SAFe Feature Spec System
liveMulti-agent pipeline that classifies, interviews, generates, and evaluates SAFe feature specifications.
- Problem solved
- The original Feature Spec Generator worked but couldn't handle different feature types or improve its own output. This system adds classification, context-gathering, and self-evaluation.
- Architecture
- Router → Interviewer → Generator → Evaluator
- Tech stack
- PythonStreamlitAnthropic APISQLite
- Week built
- Week 8
What it does
Accepts raw stakeholder requests and produces polished SAFe feature specifications through a multi-stage pipeline. A Router classifies the request type (capability, webpage, experience), an Interviewer gathers missing context, a Generator produces the spec, and an Evaluator scores it against type-specific rubrics.
Architecture decisions
The multi-agent approach was justified here because the subtasks are genuinely different: classification requires pattern matching, interviewing requires conversational skill, generation requires structured output, and evaluation requires critical judgment. Each agent uses a specialized system prompt optimized for its task.

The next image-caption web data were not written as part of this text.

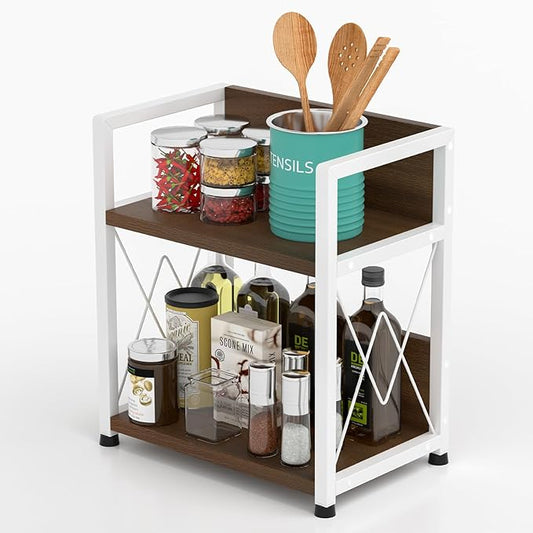 Aduanbang Coffee Bar Accessories Organizer, 2 Tier Wooden Kitchen Counter Shelf, Coffee Organizer Station for Countertop, Condiment Rack for Mugs, Cups, Cream, Syrup-NeatNest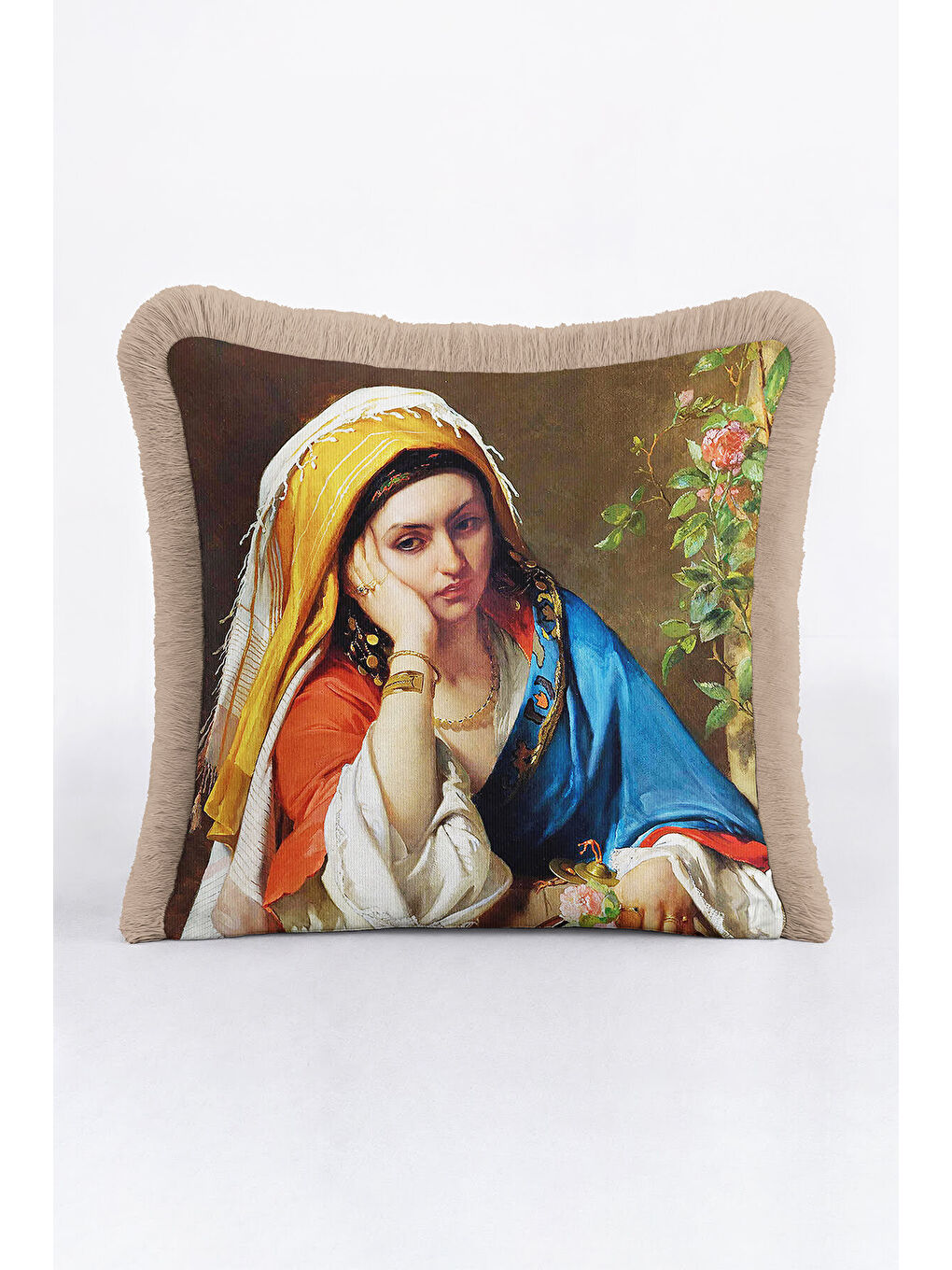 Karışık Avangart Portre Saçaklı Yastık Kılıfı - Sanatsal Klasik Vintage Mavi Gold Püsküllü Kırlent Kılıfı-4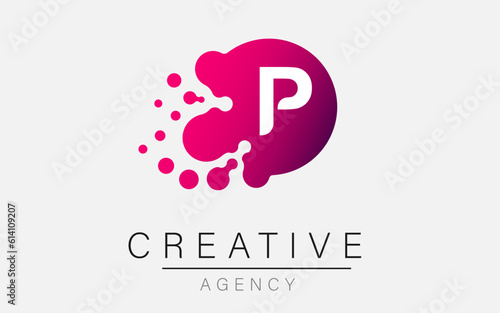 logo of the letters P. P is a letter vector design with dots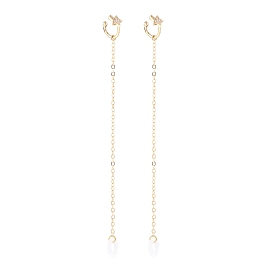Creative Star Cubic Zirconia Earring Strap, Brass Cuff Earring with Long Tassel, Bluetooth Headset Anti-lost Earrings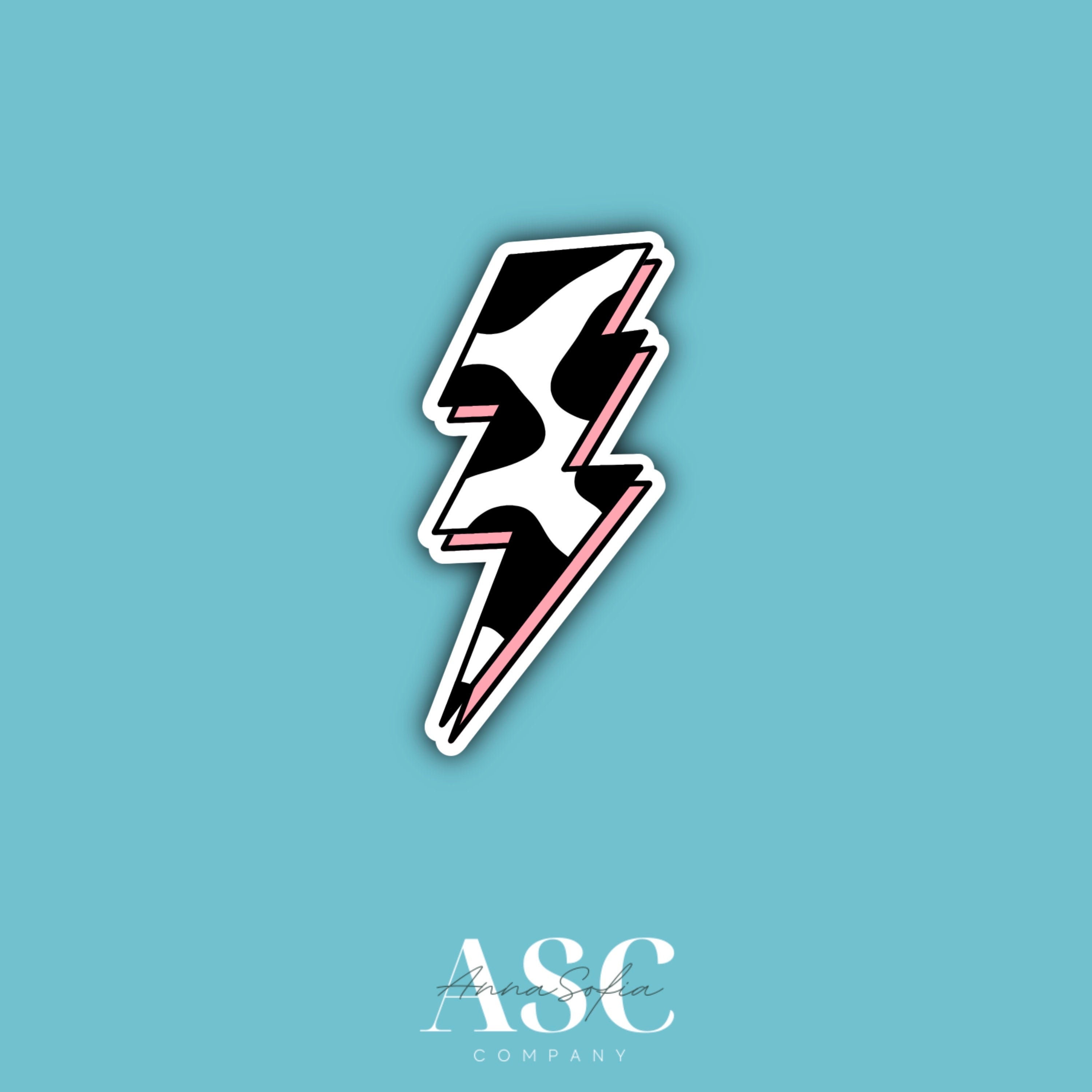 cow print lightning bolt sticker aesthetic waterproof etsy
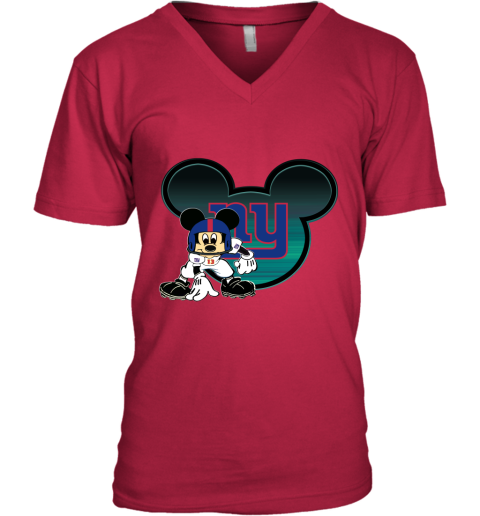 NFL New York Giants Mickey Mouse Disney Football T Shirt t3llp5ssmwx v neck unisex 8 95 151514 front cherry red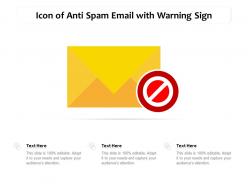 Icon of anti spam email with warning sign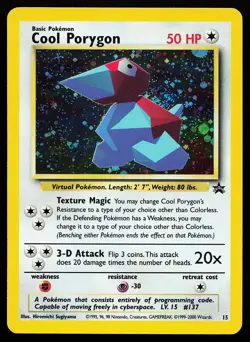 Cool Porygon 15 Holo WOTC Black Star Promo Pokemon Card - Image 1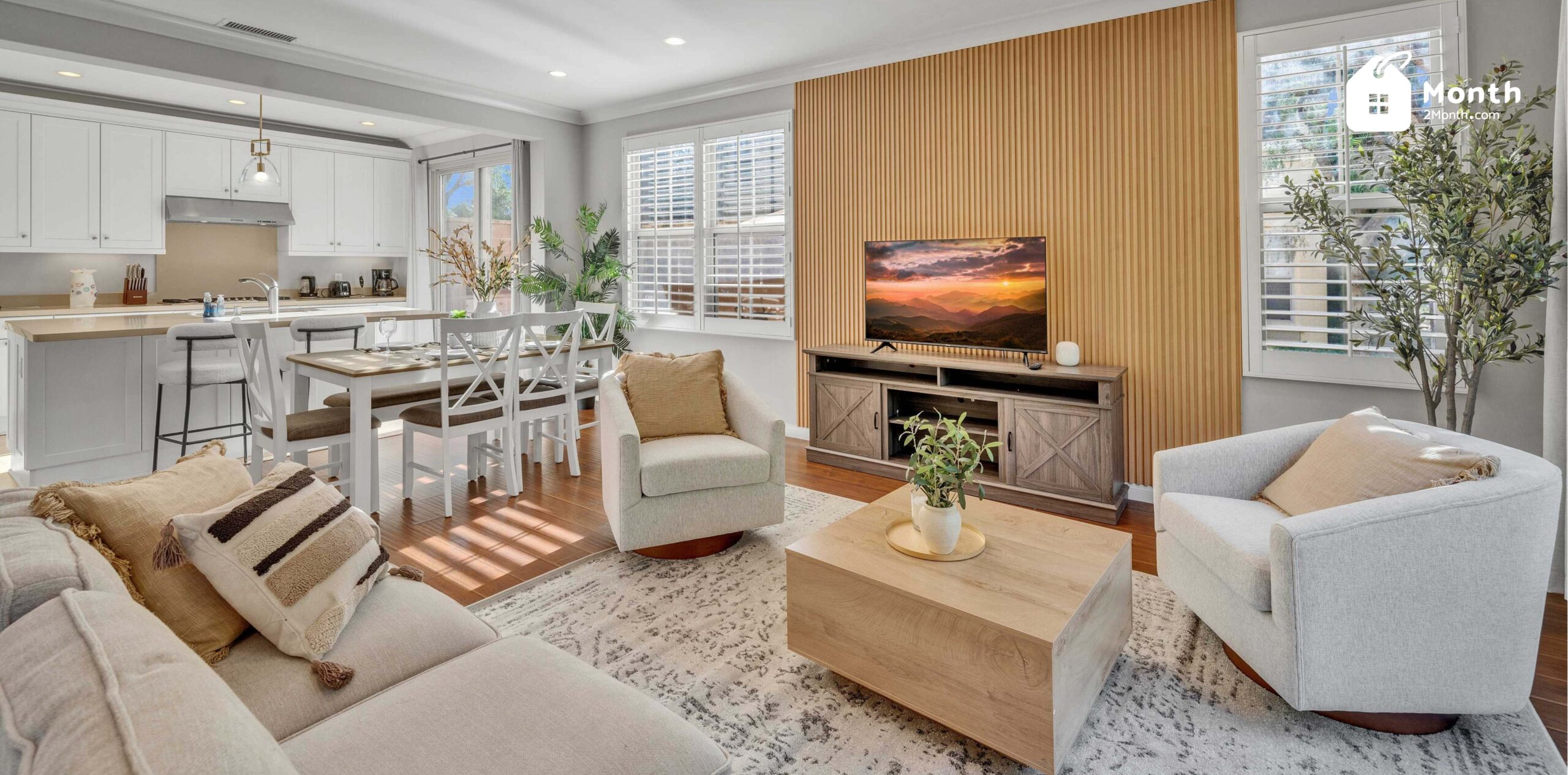 Fully furnished single-family home by Month2Month featuring spacious living areas, modern decor, and family-ready amenities for flexible monthly rentals.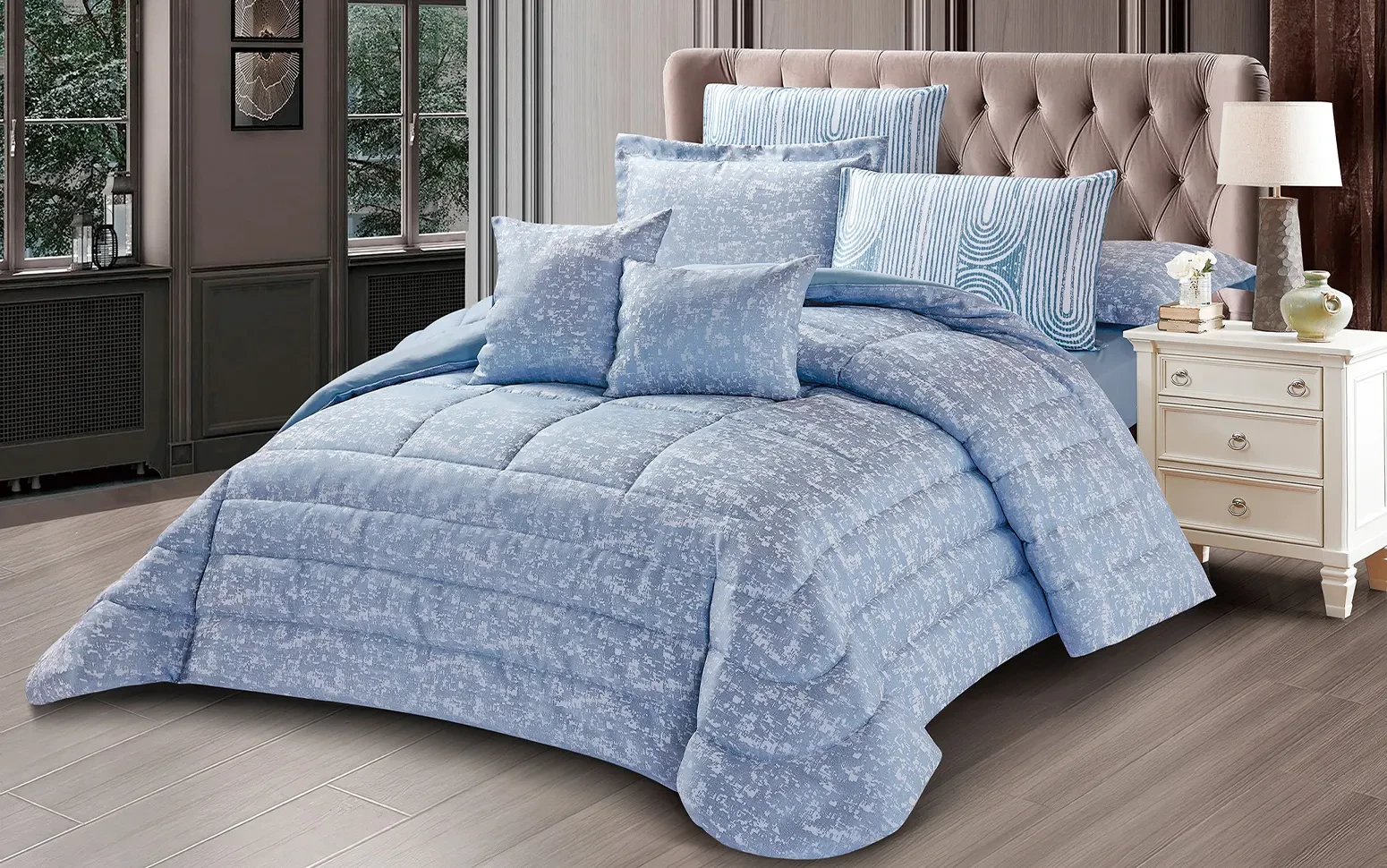 Abstract Jacquard Comforter Bedding Set 8 PCS - King Blue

The Router uses Claude Haiku (fast, cheap) while the Generator and Evaluator use Claude Sonnet (higher quality where it matters). This is the Optimization Trilemma in practice — allocating quality budget where it has the most impact.
What I learned
The biggest lesson was about evaluation infrastructure. You can’t improve what you can’t measure. Building the golden test set and baseline scoring system before attempting improvements meant every change had a clear before/after comparison. Without that discipline, I would have been guessing whether my prompt changes were actually helping.